Sócrates e o PS, além dos erros que cometeram, agiram em minoria como se tivessem maioria e agiram perante o presidente da República com o mesmo desdém que este lhes dedicou no discurso de posse. Há muita gente no PSD que pensa que Sócrates escolheu o timing da sua própria queda, esticando a corda, sabendo que ela partiria. O facto é que, em nome dos bons princípios, Sócrates deveria ter-se reunido com Passos antes de apresentar o PEC IV e deveria ter dado conhecimento do que pretendia ao presidente. Estaria hoje mais confortável na razão que lhe assistisse.
O PSD vai ter em breve de explicar porque recusou o PEC IV, em nome dos sacrifícios que os portugueses já suportavam, tendo agora de aprovar pacotes bem mais pesados. Vai ter, finalmente, de apresentar as suas propostas, e vai ter, queira ou não, ganhe as eleições ou fique em segundo lugar, de negociar com Sócrates. Um mal menor teria sido certamente aprovar o PEC IV e exigir eleições de imediato. Mas o PSD também teve o seu momento de arrogância, ao vergar Sócrates e ao clamar que o rating da República não cairia. Viu-se.
O CDS percorreu caminhos idênticos aos do PSD, mas com menor responsabilidade, dado o seu peso eleitoral.
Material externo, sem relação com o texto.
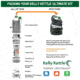 Kelly Kettle Ultimate Scout Kit, Stainless Steel, 50120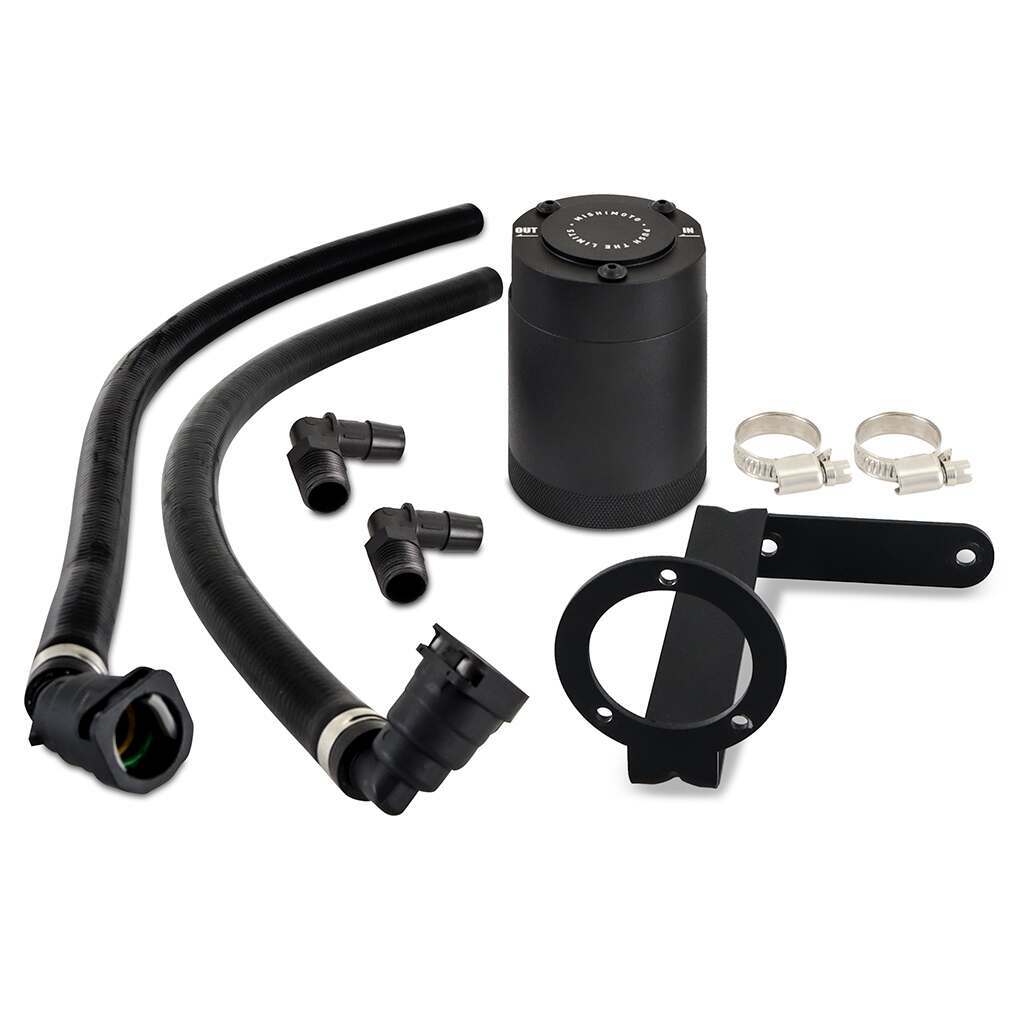 Mishimoto Direct-Fit Catch Can, Pcv Side, Fits Ford F150 2.7L/3.5L Ecoboost/5.0L 2011+ - MMBCC-FRD-11P
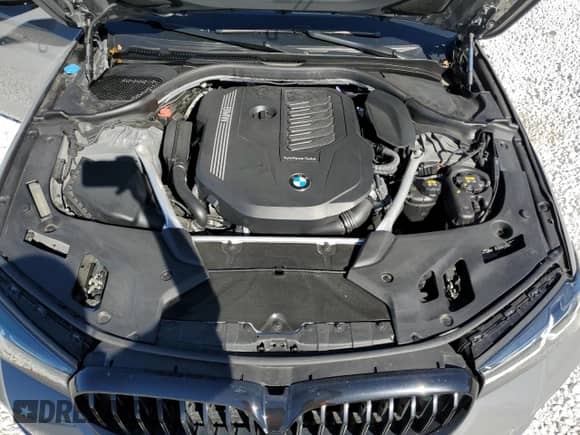 2022 BMW 5 Series 540i с VIN WBA53BJ06NWX50396, выставлен на аукционе Copart как лот 48248105 с пробегом 26 683 миль миль и Списание • Salvage title. История ставок и продаж доступна на DreamBid. Изображение 11.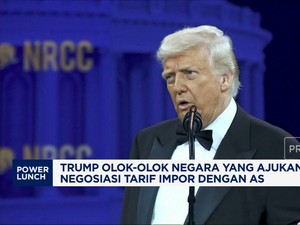  Trump Olok-Olok Negara Yang Ajukan Negosiasi Tarif Impor AS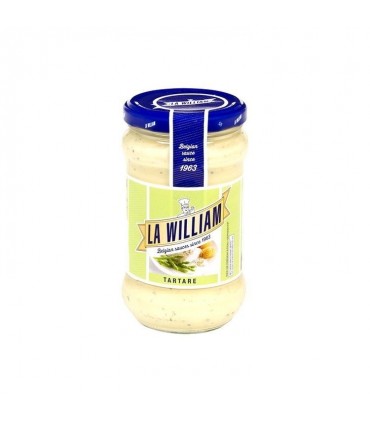 La William tartar sauce 300 ml EPICERIE CHOCKIES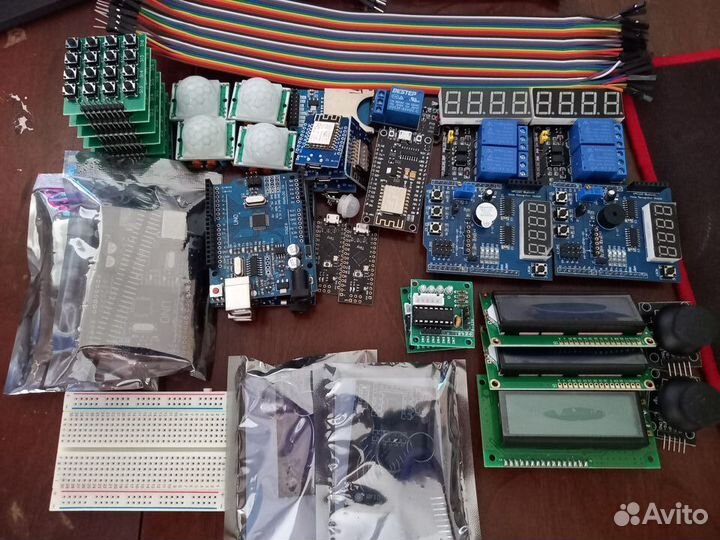 Arduino uno r3 и датчики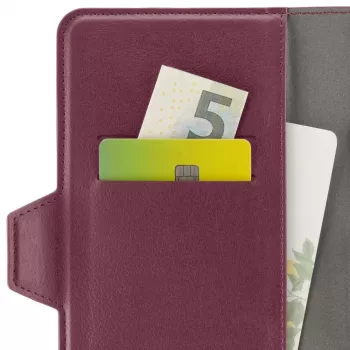 Hama 00118895 Dėklas mobiliesiems telefonams 15,5 cm (6,1 colio) Atsilenkiamas Raudonas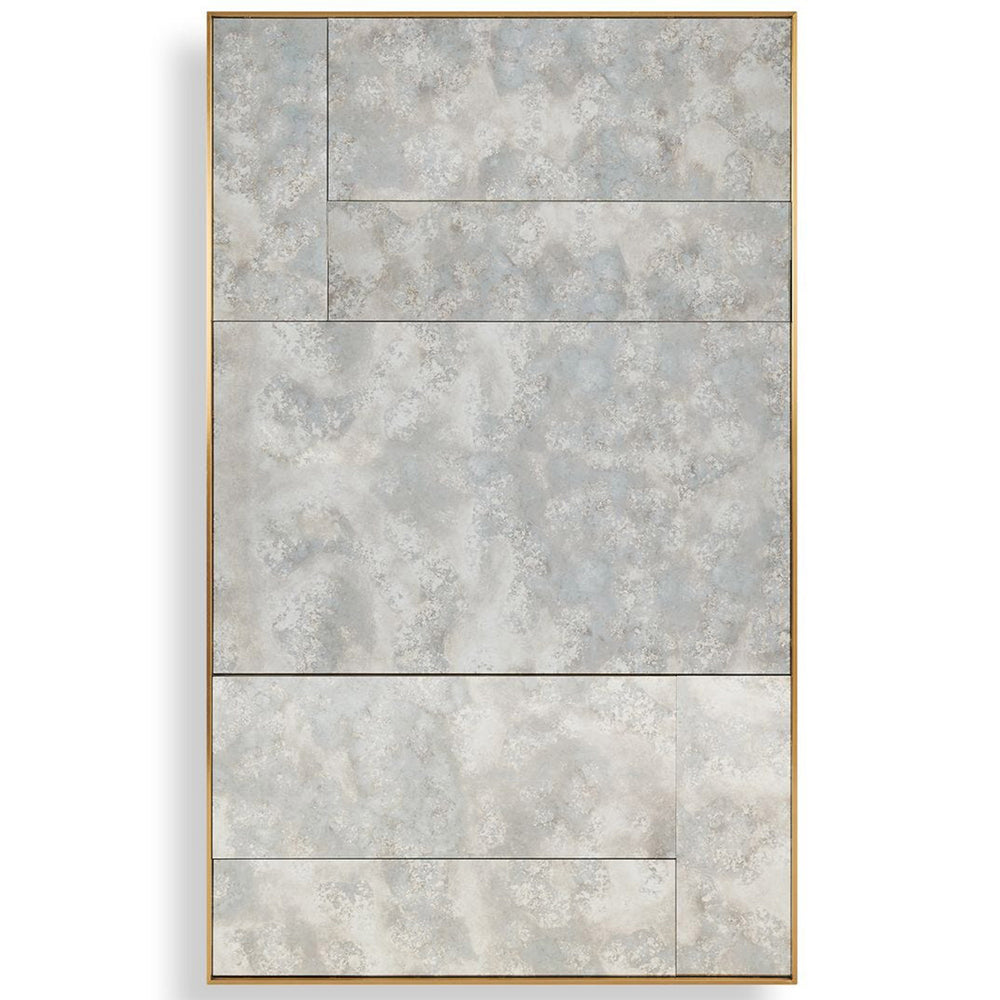 Rally Mirror, Gold/Silver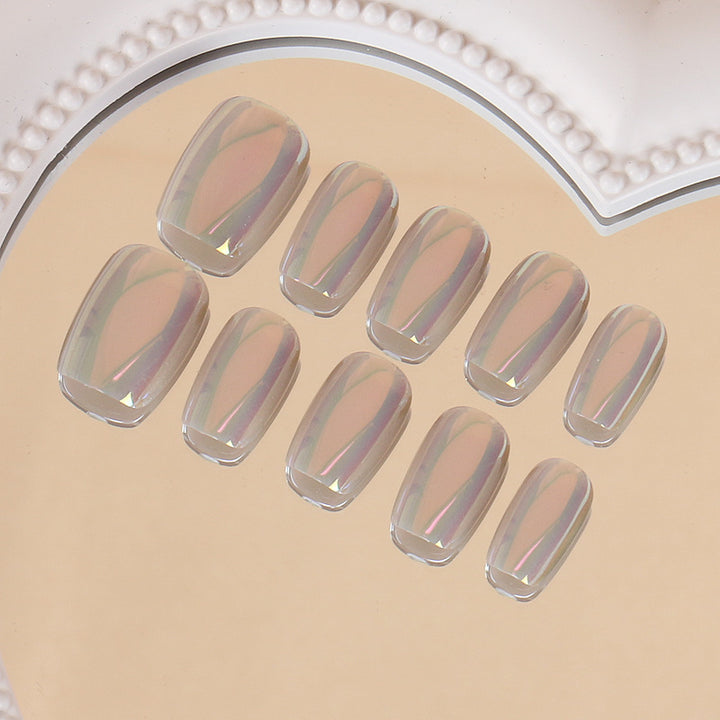 High-Gloss Gel Press-On Nails Kalsten
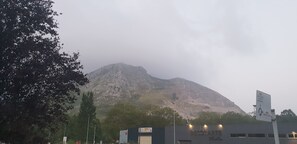 Vistas a la montaña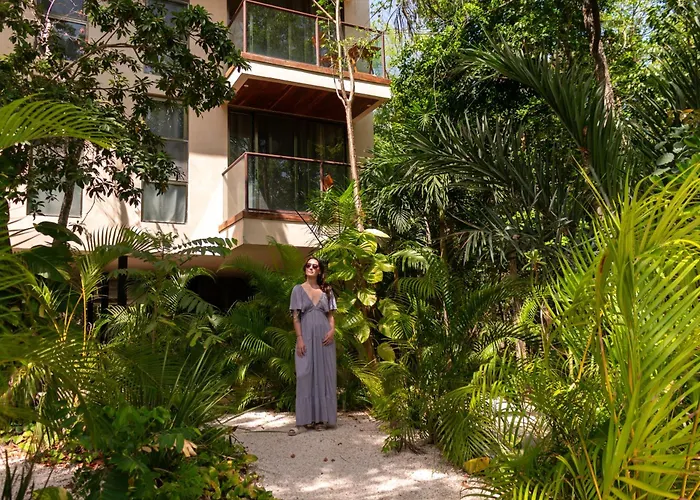 Jungle Loft With Terrace & Natural Light - Santuario Boutique Apartamento Chemuyil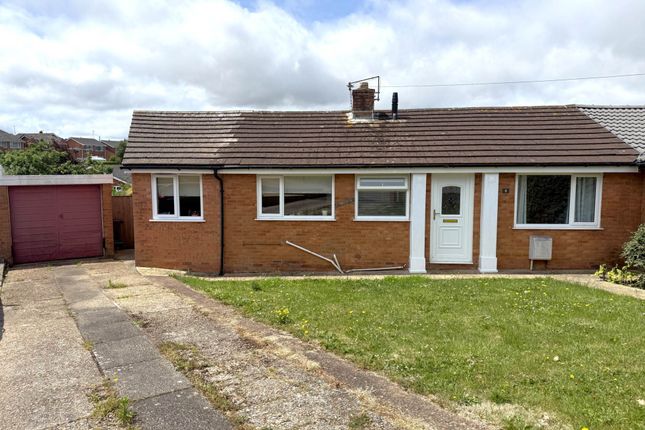 3 bed semi-detached bungalow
Terá agora também de explicar porque contribuiu com o seu voto para a queda do Governo, mas também é um facto que Portas tem há muito prontas as suas propostas e o seu silêncio revela que não quer estragar o seu papel no futuro próximo.
Os dois partidos à esquerda do PS já deram um passo de elevado significado, ao reunir-se um com o outro: estudam como pode a Esquerda posicionar-se, como podem as suas propostas constituir-se como válidas. O encontro terá significado para ambos os líderes - mais para Jerónimo, certamente - o deglutir de um enorme sapo, mas teve a virtude de os retirar da ineficácia da sua actuação. Mas não haja ilusões, foi, por agora, um curto interregno.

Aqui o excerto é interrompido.